## Provided entries
========

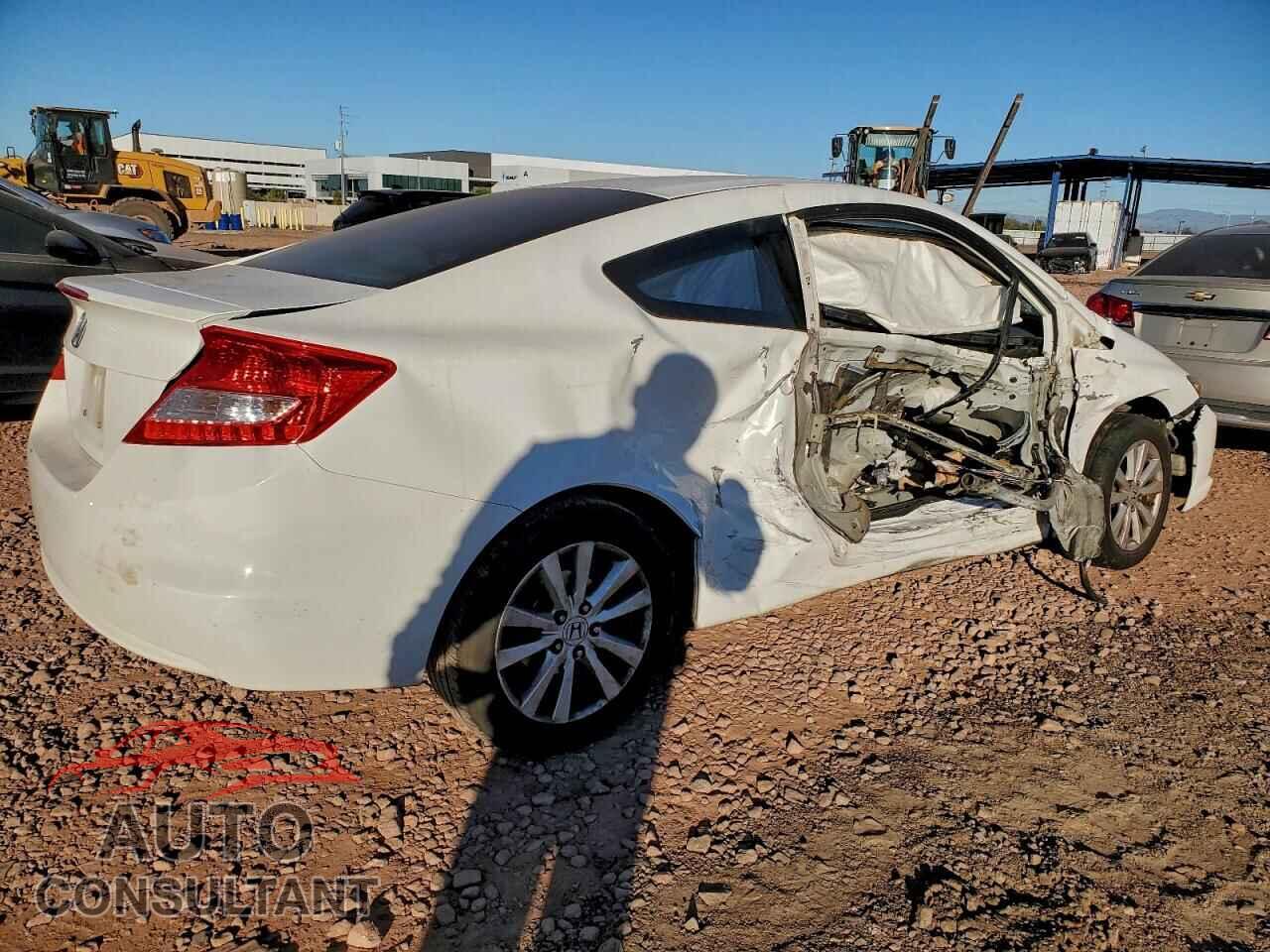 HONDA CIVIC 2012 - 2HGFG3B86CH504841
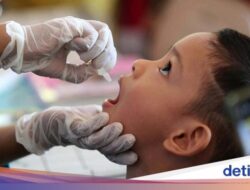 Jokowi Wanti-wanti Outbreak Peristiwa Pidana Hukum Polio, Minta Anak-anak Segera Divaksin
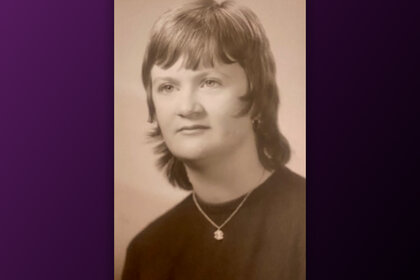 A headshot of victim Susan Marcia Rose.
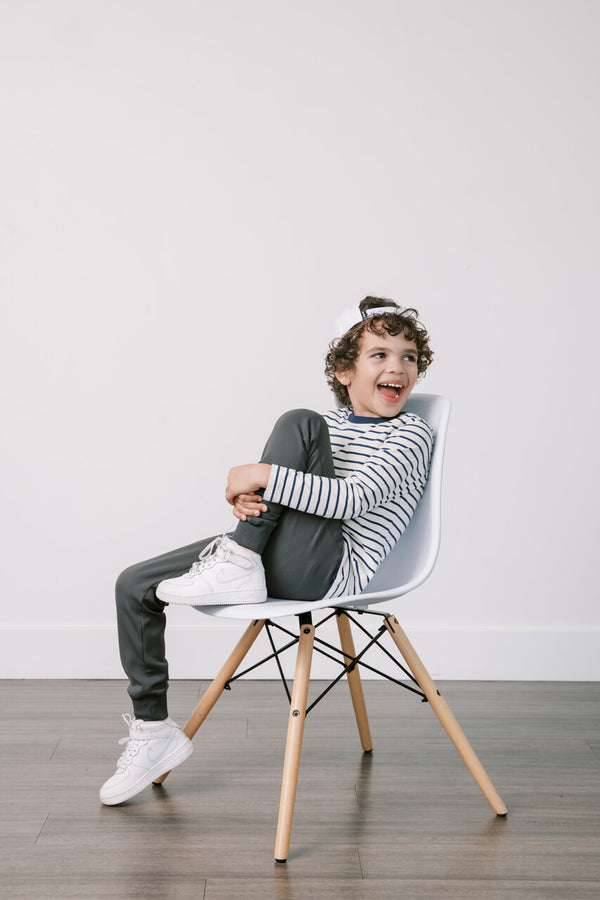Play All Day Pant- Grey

========

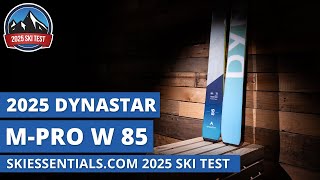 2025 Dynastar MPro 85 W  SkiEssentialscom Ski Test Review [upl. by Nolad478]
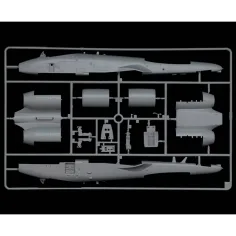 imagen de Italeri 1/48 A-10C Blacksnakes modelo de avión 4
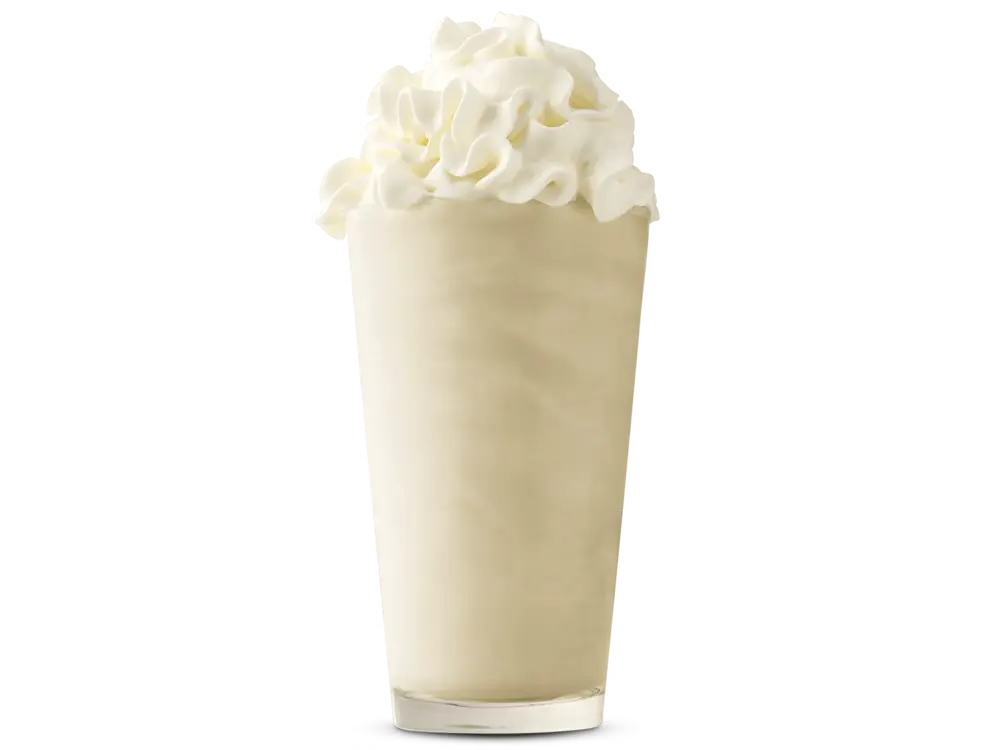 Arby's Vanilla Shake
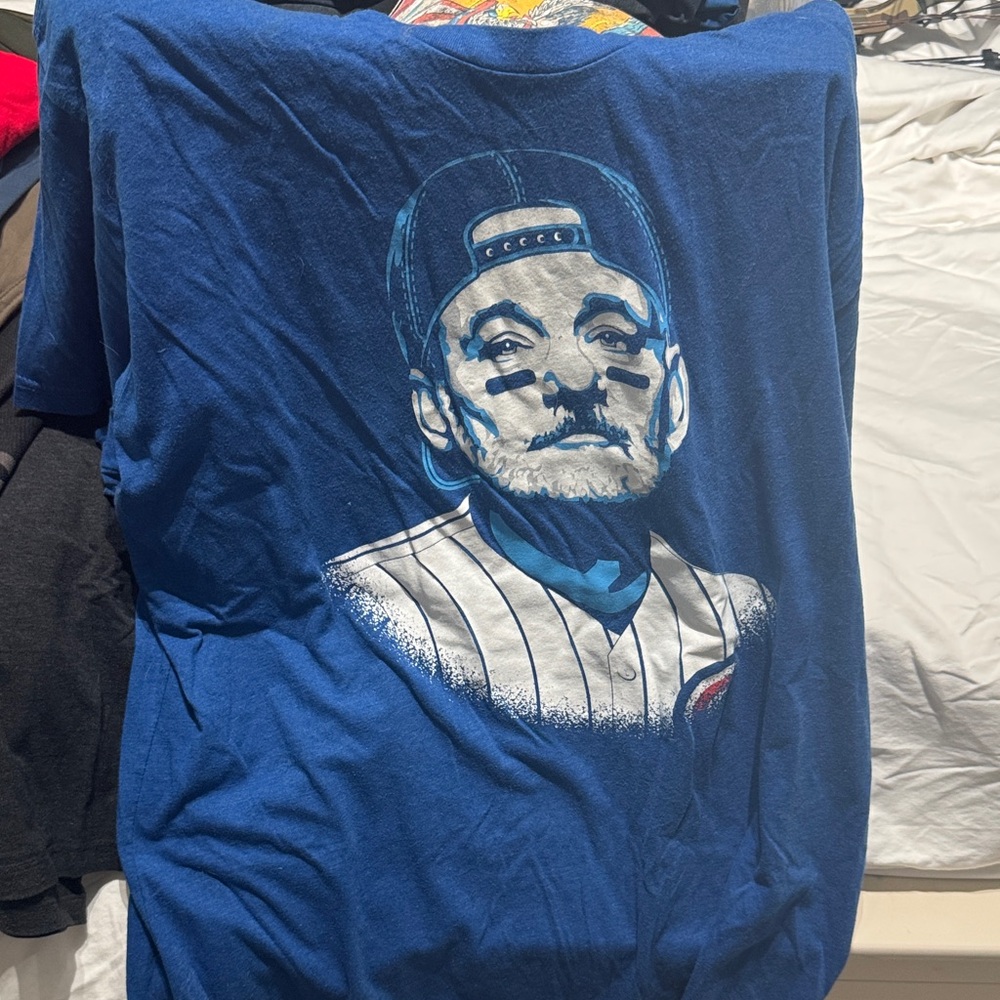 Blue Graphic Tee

========

Your output should be the lines above from the one that contains "imagen de Italeri" through the one that contains "Blue Graphic Tee", word for word, with pictures left out.

 imagen de Italeri 1/48 A-10C Blacksnakes modelo de avión 4
 Arby's Vanilla Shake
 Blue Graphic Tee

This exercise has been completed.